I had to look it up in the dictionary, but it means “an area where special environmental circumstances have enabled a species or a community of species to survive after extinction in surrounding areas”.
But in the aquarium world they use the term to describe a special area of the fish tank that has been set-up as a refuge from predation, which I think describes the overall situation at Secret Bay much better.
Gilimanuk Bay is quite large and measures roughly 3km long by about 1km wide, but it’s very shallow and has an average depth of around 5m.
The nearby Bali Strait on the other hand, is 3km wide & around 60m deep, with the rich waters of the Indonesian Throughflow roaring through at currents that reach up to 7 knots.
The entrance to Gilimanuk Bay is just over 600m wide, but the shallow reef on the northern side means that a third of that is taken up by the 8-10m deep channel that directs the flow of water from the Bali Strait into the bay.
It is this water, rich with plankton & other nutrients, that feeds & nourishes the inhabitants of Secret Bay.
There is much to see underwater, but it’s very much a muck diving & critter site – so bring your macro lenses!
Secret Bay Underwater Image Gallery
Diving Bali: The Bobbit Worm & Secret Bay
Secret Bay is, in my experience, one of the best places in Bali to see the rather mysterious and hard to find Bobbit Worm.
The Bobbit Worms are to be found in the sea grass at the western end of the bay, about a 100m or so from the changing area entry point and in 3-4m of water.
The local guides look for tell-tale depressions in the sand in that area, which indicates a possible Bobbit Worm location, and then use a tried & tested method of enticing the worms from their home deep in the sand.

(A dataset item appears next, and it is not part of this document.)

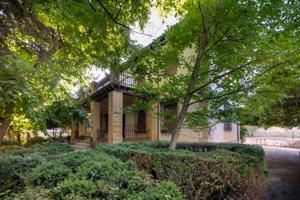 Casa en venta en Cájar, CENTRICO photo 0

Grilled fish kebabs are the weapon of choice and are held just above the sand at the depression to tempt the worms out, striking at lightning fast speed when they do. Then by carefully wafting the stick back & to the guides tempt the worm further out into the open so they can be photographed in all their glory!
Secret Bay Bobbit Worm Image Gallery
Diving Bali: Diving Secret Bay
Secret Bay is very much a muck dive, so if blue water and coral reefs are your thing – just don’t bother. But if you like the weird & wonderful critters that muck diving offers, then it’s well worth the journey. The cool waters from the Bali Strait mean that you will definitely need a wetsuit and I personally use a 5mm suit as the shallow depth means that extended bottom times apply and it’s easy to get cold.
Diving Secret Bay is very easy as it’s a shallow shore dive with no significant dangers apart from watching what you kneel on. If you are only doing a couple of dives at Secret Bay a dive guide is definitely recommended as they will be able to show you the best areas to dive and also where the critters are.
Diving Bali: When to Dive Secret Bay
Being such a sheltered location the main variable regarding when to dive Secret Bay is the state of the tide and a rising tide will provide the best visibility. But the site can still be dived at low tide, it just means the depth will be less and the viz will not be the best.